### Instructions to follow
From the data below, repeat exactly the lines from the line with "सुधाकर स्नेह के" to the line with "Casa à venda", both included.

### Listed records
######

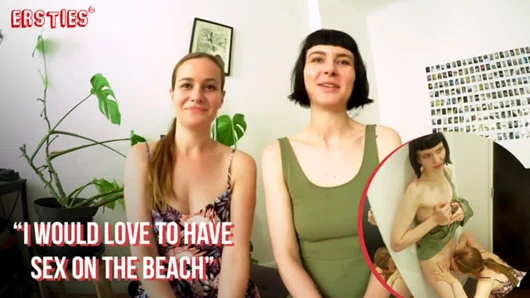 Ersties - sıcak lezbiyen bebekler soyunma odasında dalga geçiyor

######

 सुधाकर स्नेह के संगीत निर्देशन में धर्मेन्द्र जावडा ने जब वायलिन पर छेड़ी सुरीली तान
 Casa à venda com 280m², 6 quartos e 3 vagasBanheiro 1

######

### Answer below
 सुधाकर स्नेह के संगीत निर्देशन में धर्मेन्द्र जावडा ने जब वायलिन पर छेड़ी सुरीली तान
 Casa à venda com 280m², 6 quartos e 3 vagasBanheiro 1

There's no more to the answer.